### TASK STATEMENT
Take the line that contains "Xiaomi adiciona painel" and every line below it to the end of the entries, and give them again exactly, leaving out any pictures.

### RAW DATA
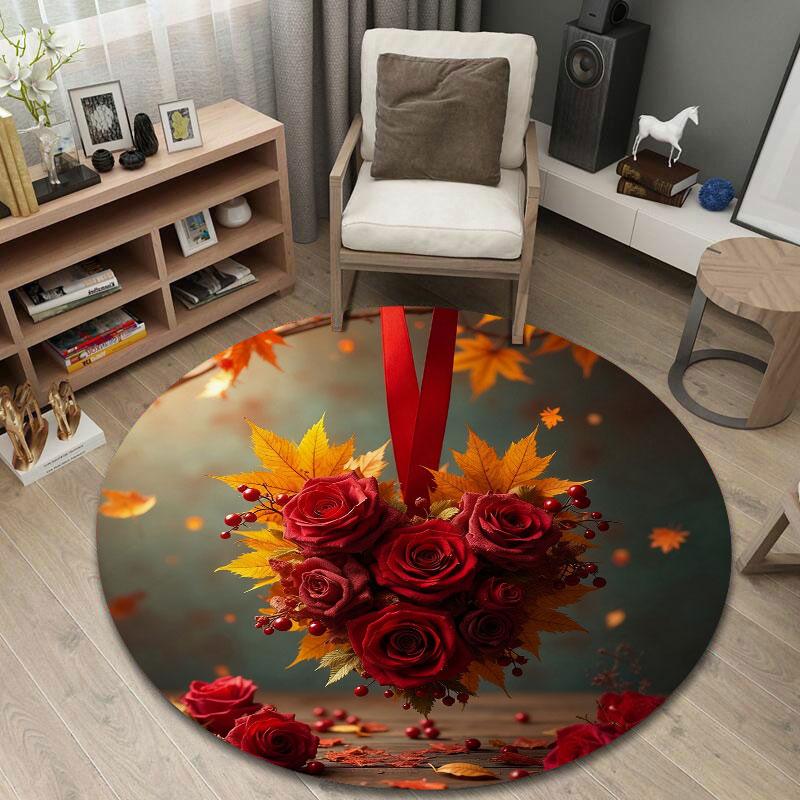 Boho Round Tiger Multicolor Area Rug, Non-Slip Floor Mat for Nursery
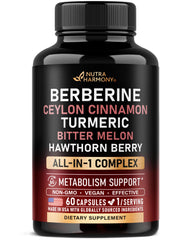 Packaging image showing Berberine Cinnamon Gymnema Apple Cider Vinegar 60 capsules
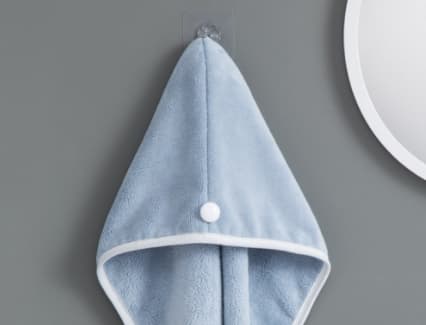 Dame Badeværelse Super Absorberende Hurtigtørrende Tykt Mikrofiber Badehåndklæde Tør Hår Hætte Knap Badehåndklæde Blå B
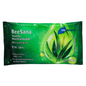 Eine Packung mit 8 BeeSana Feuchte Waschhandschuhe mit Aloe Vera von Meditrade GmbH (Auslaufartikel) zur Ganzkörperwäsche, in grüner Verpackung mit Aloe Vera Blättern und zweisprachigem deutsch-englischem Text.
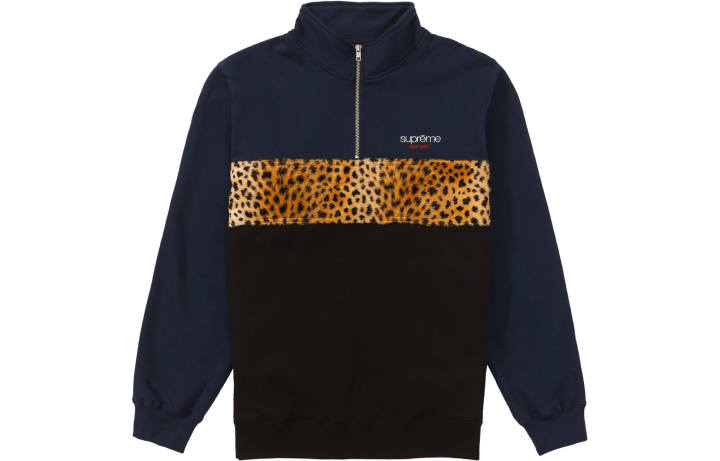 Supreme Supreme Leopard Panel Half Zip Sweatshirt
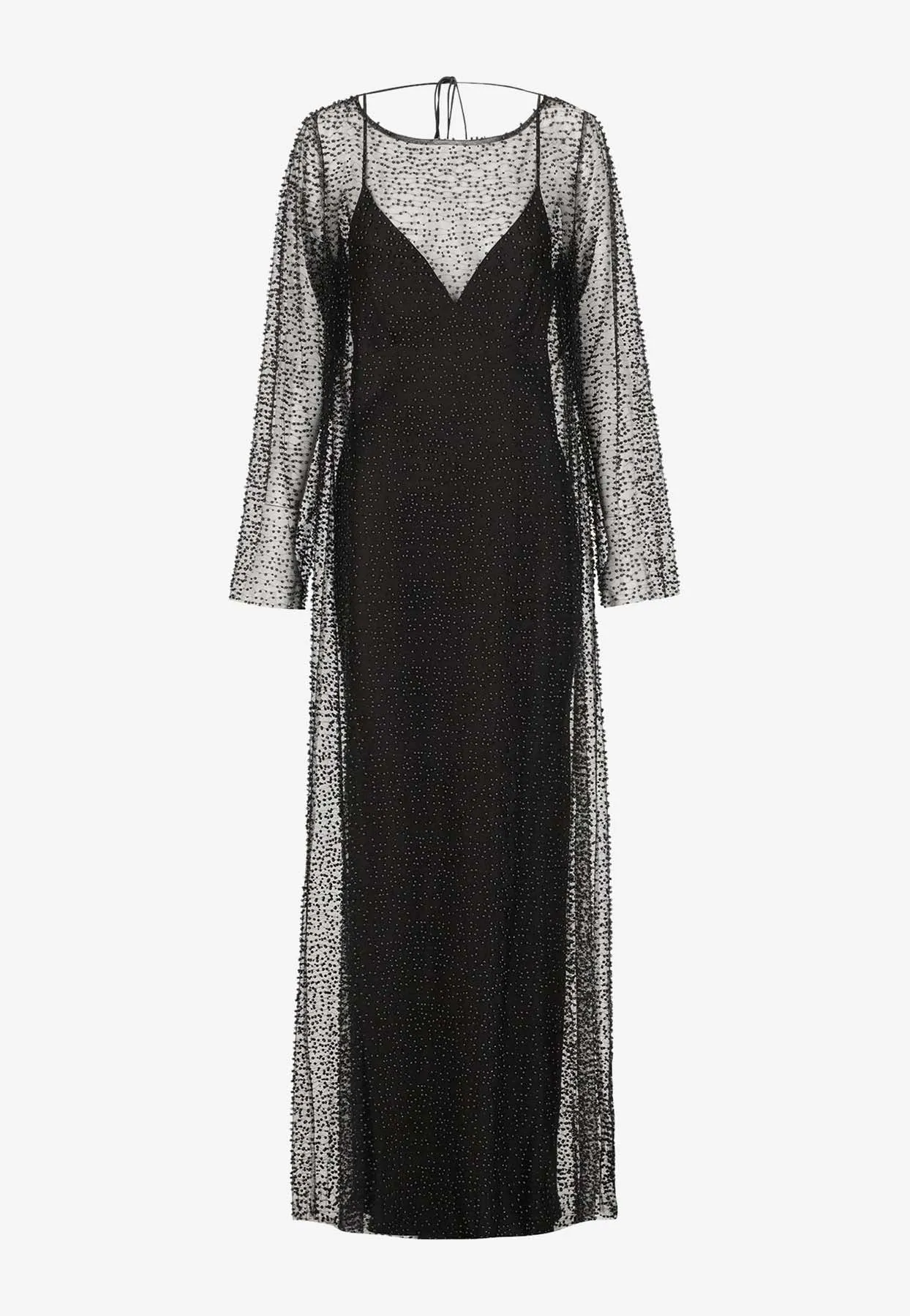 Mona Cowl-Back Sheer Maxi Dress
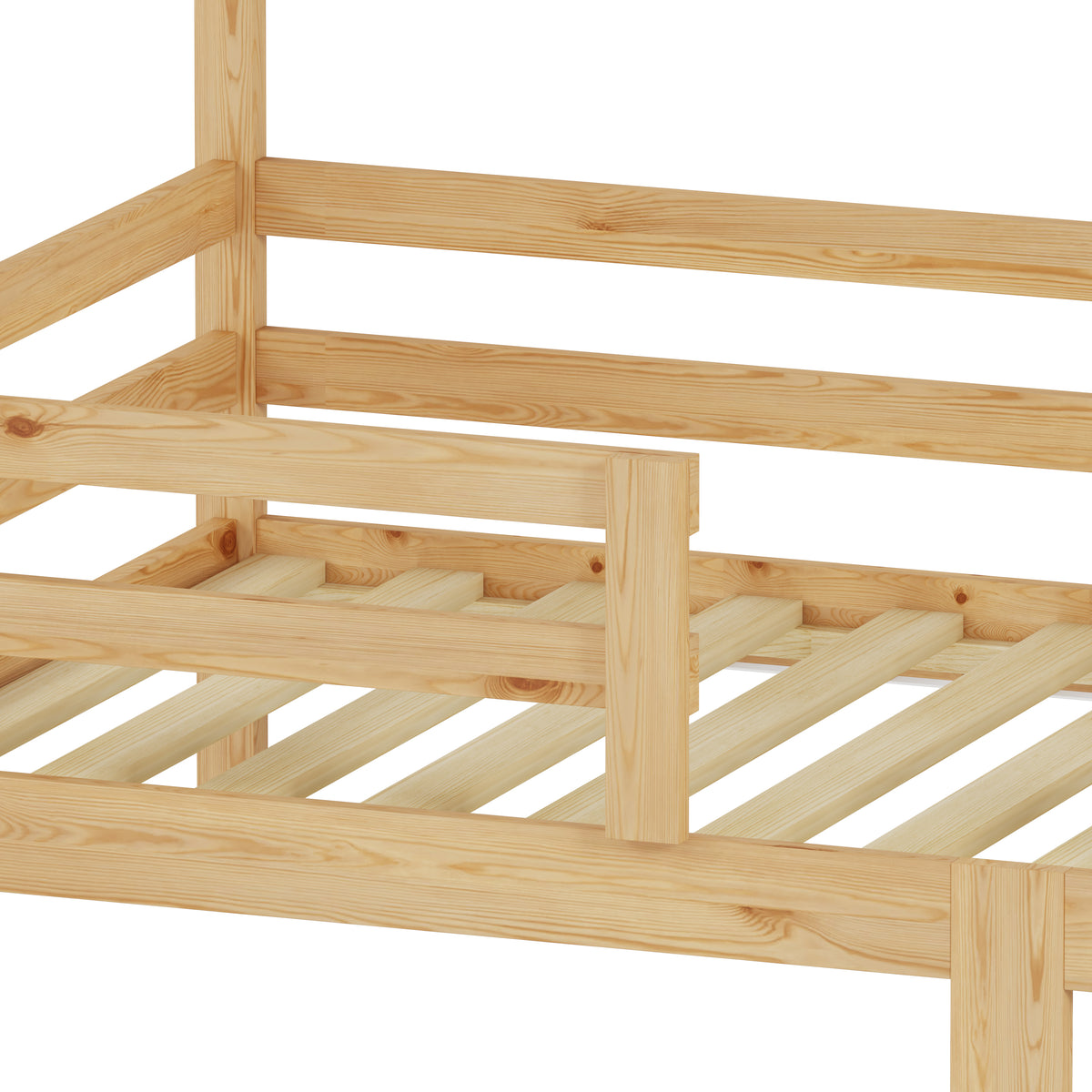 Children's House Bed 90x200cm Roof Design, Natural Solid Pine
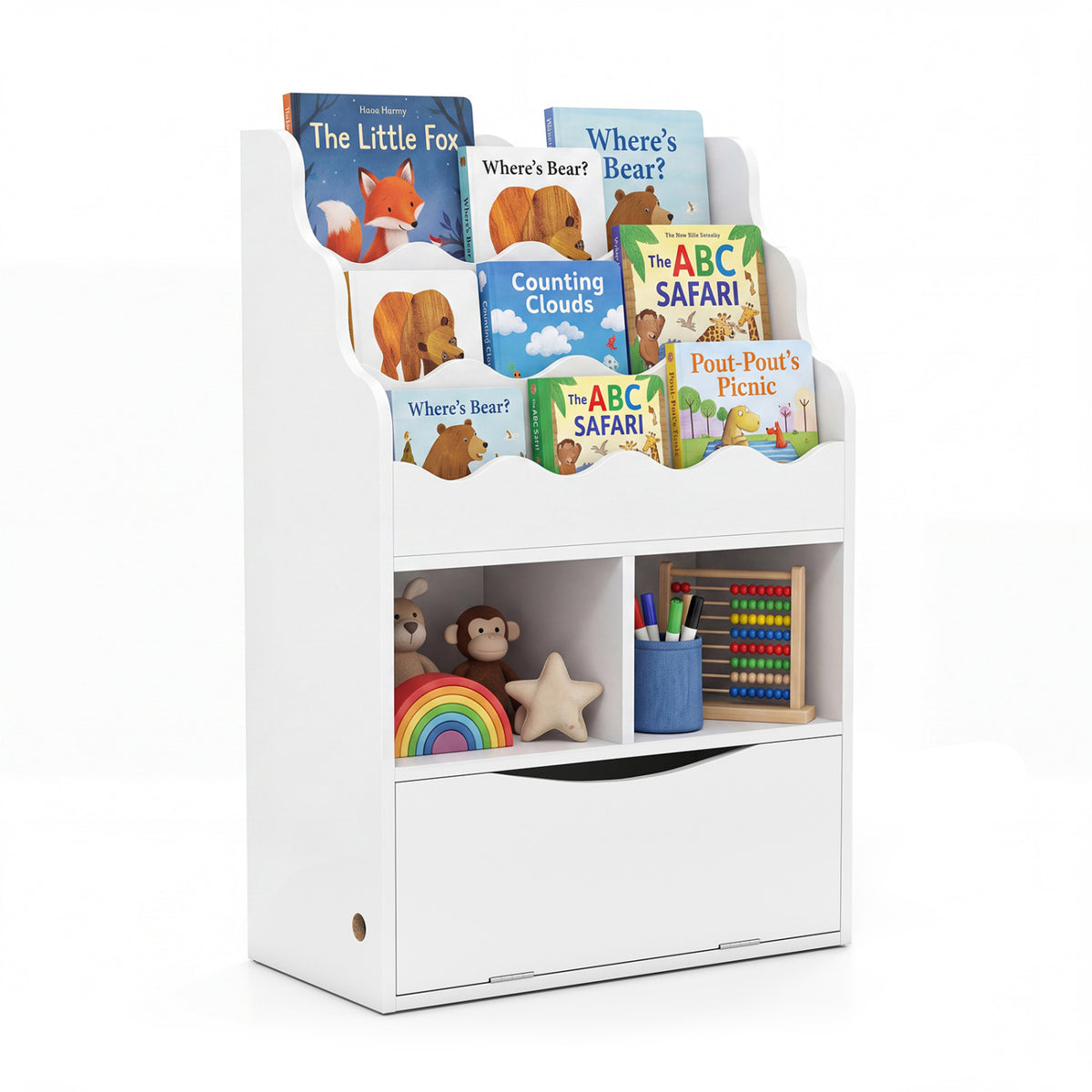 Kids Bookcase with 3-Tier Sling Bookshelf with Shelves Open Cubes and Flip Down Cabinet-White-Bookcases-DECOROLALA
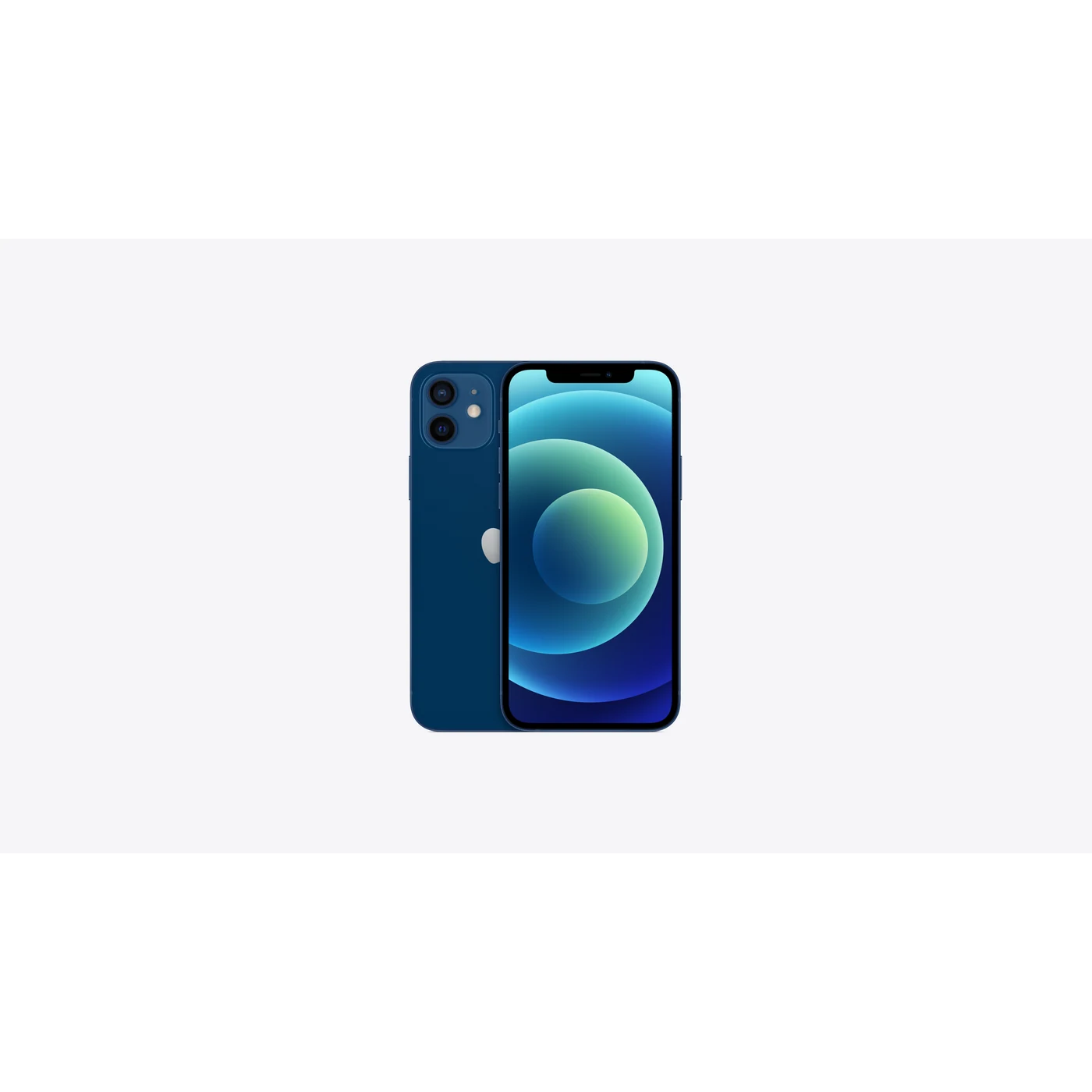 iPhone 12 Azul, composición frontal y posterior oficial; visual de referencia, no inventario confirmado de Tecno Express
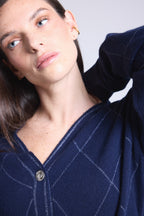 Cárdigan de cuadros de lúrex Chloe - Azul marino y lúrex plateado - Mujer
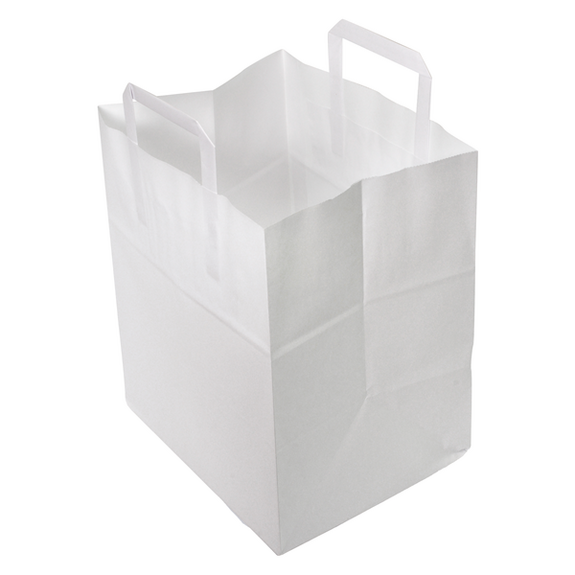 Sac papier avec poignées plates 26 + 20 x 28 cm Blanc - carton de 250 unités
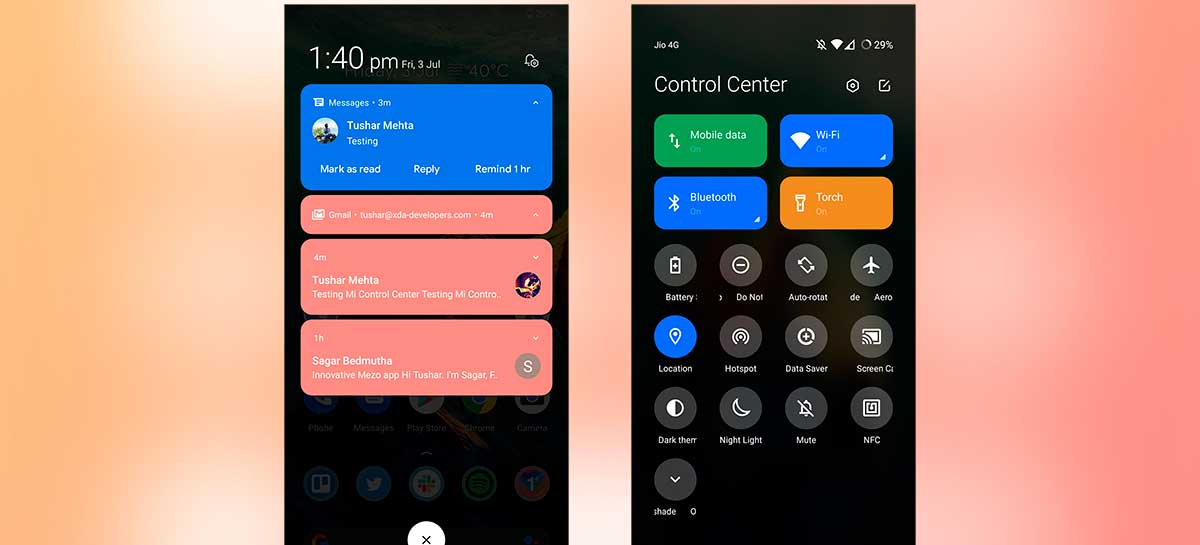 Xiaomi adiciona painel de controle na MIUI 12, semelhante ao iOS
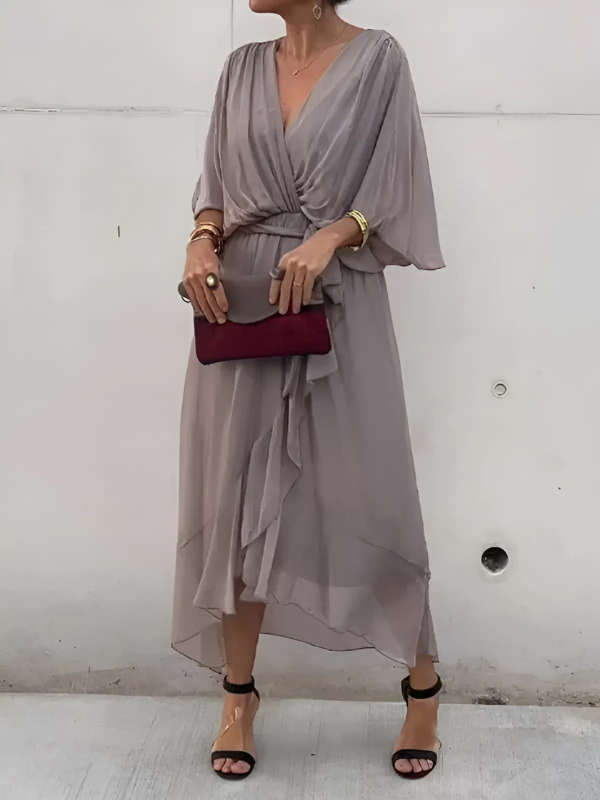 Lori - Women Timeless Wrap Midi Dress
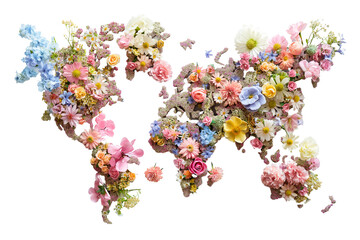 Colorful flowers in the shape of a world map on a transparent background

### RESULT OF THIS EXERCISE
 Xiaomi adiciona painel de controle na MIUI 12, semelhante ao iOS
 Lori - Women Timeless Wrap Midi Dress
 Colorful flowers in the shape of a world map on a transparent background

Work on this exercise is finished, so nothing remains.